駅前の相談窓口で介護と仕事の両立について相談する会社員。

介護休業だけでは離職を防げない 船橋市の日曜相談に見る「両立支援」の使い方

仕事と介護の両立支援は、休みを取るだけでは十分に機能しません。会社で勤務を調整すると同時に、自治体の窓口で介護保険サービスを組み立てて初めて、働き続ける現実的な道筋ができます。
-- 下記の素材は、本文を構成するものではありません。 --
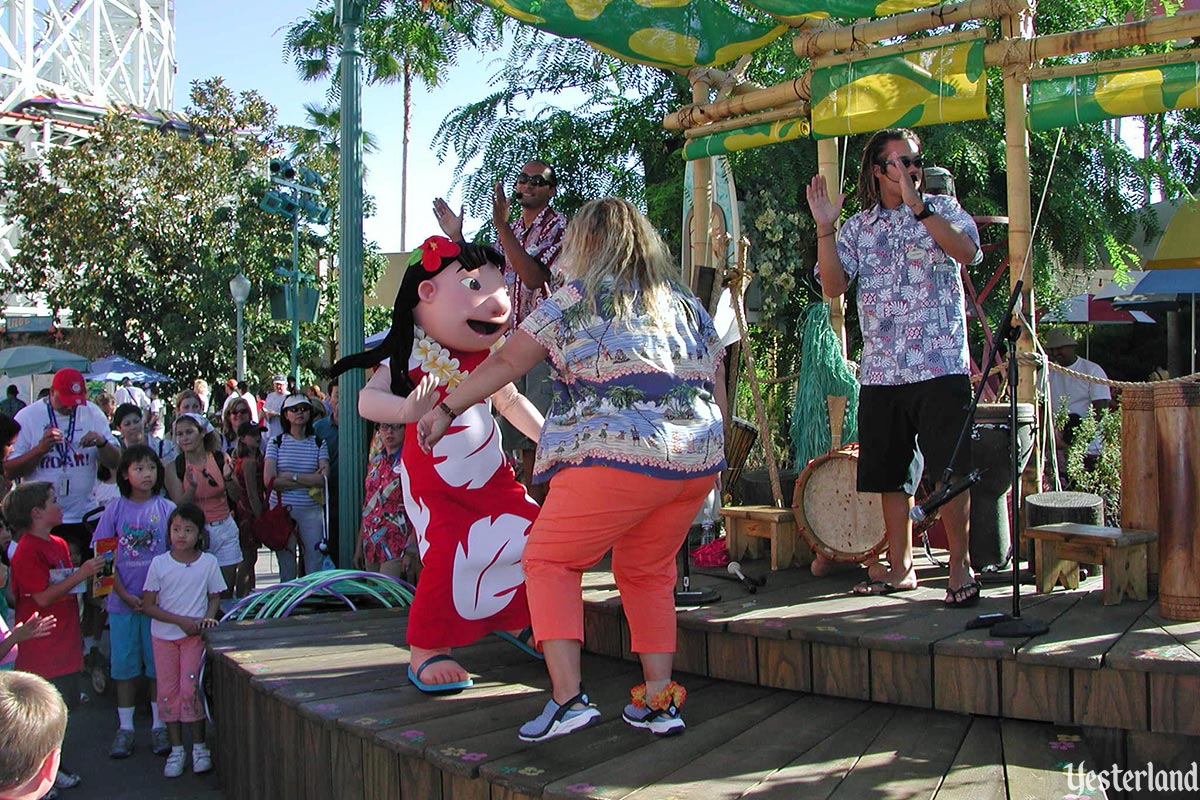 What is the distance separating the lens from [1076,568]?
3.80 metres

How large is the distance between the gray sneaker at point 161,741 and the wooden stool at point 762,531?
2.67 m

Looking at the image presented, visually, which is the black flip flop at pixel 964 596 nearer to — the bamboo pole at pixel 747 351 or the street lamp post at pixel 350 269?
the bamboo pole at pixel 747 351

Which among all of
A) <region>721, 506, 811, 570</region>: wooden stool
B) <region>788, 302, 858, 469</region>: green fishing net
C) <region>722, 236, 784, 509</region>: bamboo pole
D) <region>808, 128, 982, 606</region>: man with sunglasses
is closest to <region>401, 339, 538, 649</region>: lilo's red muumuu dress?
<region>721, 506, 811, 570</region>: wooden stool

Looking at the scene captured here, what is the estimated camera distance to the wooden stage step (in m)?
2.55

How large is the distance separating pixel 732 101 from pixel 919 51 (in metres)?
1.05

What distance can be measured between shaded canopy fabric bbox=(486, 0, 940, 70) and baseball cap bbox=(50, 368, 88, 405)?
326cm

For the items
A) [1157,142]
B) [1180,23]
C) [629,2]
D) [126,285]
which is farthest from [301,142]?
[1180,23]

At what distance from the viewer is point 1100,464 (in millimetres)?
6547

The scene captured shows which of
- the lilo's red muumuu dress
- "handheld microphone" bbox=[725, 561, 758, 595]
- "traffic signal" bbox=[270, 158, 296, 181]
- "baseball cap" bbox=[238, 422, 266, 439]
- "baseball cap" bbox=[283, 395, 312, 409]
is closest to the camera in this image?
the lilo's red muumuu dress

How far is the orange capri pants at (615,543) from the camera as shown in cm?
280

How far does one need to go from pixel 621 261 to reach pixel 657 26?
276cm

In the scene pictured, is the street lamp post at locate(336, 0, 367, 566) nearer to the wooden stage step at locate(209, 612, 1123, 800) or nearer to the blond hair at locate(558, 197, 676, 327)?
the wooden stage step at locate(209, 612, 1123, 800)

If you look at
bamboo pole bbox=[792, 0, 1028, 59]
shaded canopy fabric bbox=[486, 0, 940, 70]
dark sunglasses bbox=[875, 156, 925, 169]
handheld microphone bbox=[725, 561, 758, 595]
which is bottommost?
handheld microphone bbox=[725, 561, 758, 595]

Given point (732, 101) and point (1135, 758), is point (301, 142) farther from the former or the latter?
point (1135, 758) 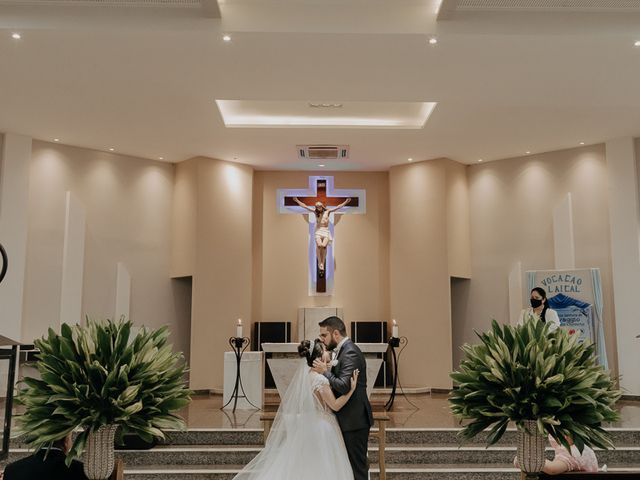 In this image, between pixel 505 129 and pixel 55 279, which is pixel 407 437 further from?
pixel 55 279

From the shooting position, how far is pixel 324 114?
999 cm

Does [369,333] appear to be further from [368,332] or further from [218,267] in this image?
[218,267]

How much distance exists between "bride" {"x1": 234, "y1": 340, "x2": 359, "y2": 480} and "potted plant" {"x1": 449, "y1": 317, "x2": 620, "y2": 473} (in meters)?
2.46

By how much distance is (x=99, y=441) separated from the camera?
8.55 feet

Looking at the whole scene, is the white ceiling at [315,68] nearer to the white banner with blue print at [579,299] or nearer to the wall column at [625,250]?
the wall column at [625,250]

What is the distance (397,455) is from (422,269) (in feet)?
15.6

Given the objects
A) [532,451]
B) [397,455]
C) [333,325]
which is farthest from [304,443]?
[532,451]

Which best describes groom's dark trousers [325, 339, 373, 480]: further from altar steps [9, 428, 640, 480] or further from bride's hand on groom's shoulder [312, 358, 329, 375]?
altar steps [9, 428, 640, 480]

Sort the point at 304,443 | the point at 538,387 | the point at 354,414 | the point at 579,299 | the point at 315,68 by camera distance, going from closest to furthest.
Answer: the point at 538,387, the point at 304,443, the point at 354,414, the point at 315,68, the point at 579,299

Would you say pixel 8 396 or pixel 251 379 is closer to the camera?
pixel 8 396

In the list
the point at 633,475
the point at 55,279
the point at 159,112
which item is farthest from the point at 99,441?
the point at 55,279

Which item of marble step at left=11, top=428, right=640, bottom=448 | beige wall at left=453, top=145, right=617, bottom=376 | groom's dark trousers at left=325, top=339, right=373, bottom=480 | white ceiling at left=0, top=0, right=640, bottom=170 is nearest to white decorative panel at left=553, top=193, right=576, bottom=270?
beige wall at left=453, top=145, right=617, bottom=376

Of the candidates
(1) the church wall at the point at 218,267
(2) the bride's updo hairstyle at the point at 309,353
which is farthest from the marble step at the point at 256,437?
(1) the church wall at the point at 218,267

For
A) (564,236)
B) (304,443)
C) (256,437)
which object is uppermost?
(564,236) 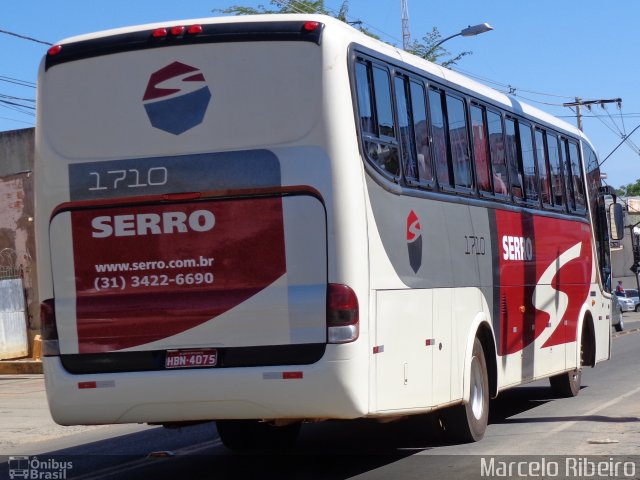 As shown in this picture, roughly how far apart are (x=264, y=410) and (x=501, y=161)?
5.56 m

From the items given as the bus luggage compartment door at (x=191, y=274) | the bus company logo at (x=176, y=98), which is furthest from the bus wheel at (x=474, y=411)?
the bus company logo at (x=176, y=98)

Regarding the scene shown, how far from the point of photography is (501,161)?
1295 cm

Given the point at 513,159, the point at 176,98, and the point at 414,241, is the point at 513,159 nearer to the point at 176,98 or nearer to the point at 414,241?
the point at 414,241

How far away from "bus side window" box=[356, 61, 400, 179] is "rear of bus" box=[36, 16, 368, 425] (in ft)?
1.29

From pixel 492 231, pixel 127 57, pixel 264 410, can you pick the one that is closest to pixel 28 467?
pixel 264 410

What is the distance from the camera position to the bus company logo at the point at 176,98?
8.86 metres

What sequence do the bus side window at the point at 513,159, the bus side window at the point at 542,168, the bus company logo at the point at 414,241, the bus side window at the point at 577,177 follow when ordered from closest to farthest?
the bus company logo at the point at 414,241 < the bus side window at the point at 513,159 < the bus side window at the point at 542,168 < the bus side window at the point at 577,177

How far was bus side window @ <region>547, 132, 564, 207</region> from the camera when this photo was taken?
49.7 ft

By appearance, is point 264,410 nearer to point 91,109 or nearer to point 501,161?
point 91,109

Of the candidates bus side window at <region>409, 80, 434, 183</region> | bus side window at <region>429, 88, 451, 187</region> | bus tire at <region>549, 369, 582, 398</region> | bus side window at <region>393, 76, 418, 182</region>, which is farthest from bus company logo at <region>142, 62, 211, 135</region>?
bus tire at <region>549, 369, 582, 398</region>

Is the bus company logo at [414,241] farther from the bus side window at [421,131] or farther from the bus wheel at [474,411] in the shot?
the bus wheel at [474,411]

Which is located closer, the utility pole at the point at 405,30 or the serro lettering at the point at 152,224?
the serro lettering at the point at 152,224

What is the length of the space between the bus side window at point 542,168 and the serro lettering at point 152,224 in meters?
6.90

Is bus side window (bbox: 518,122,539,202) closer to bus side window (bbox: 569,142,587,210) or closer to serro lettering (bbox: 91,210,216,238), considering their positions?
bus side window (bbox: 569,142,587,210) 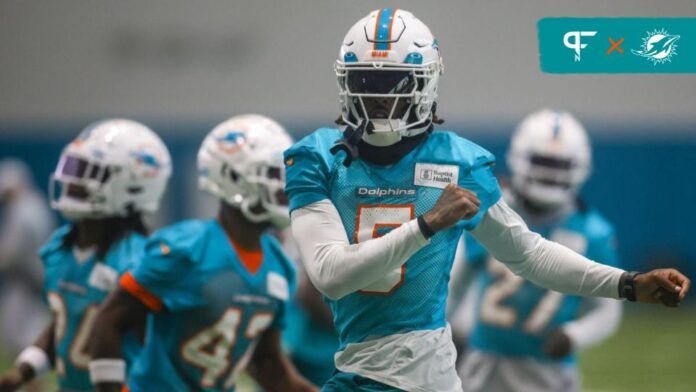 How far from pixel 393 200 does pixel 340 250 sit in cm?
24

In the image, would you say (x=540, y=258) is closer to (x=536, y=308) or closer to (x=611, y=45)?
(x=611, y=45)

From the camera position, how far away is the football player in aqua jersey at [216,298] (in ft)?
12.4

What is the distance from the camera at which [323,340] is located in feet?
17.8

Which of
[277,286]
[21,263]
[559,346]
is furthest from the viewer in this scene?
[21,263]

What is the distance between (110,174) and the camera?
4.62m

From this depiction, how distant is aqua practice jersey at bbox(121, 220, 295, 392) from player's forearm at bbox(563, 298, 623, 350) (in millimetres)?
1848

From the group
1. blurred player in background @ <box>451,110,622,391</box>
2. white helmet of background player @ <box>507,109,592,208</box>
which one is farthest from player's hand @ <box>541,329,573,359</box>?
white helmet of background player @ <box>507,109,592,208</box>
千葉県船橋市が2026年度に始めた日曜の出張相談窓口は、その接続を助ける取り組みです。平日に動きにくい会社員が、無料・予約不要で地域包括支援センターの専門職に相談できます。

この記事の要点は次の4つです。

  • 船橋市の相談窓口は月2回、日曜午前に船橋駅前で開設
  • 介護休業は、介護を一人で担う期間ではなく、サービスを整える準備期間
  • 会社には制度の個別周知と利用意向の確認が義務付けられている
  • 実際の使いやすさは、職場の人員体制、収入、地域の介護サービス供給にも左右される
目次

船橋市が日曜午前に介護相談を開いた

今回の特徴は、働く人が窓口へ行ける時間を行政側が用意したことです。

船橋市は、船橋駅前総合窓口センター「フェイス」5階の相談室で、地域包括支援センターの出張相談を実施しています。2026年度は原則として月2回の日曜日、午前9時から正午まで。最終受付は午前11時40分で、料金も予約も必要ありません。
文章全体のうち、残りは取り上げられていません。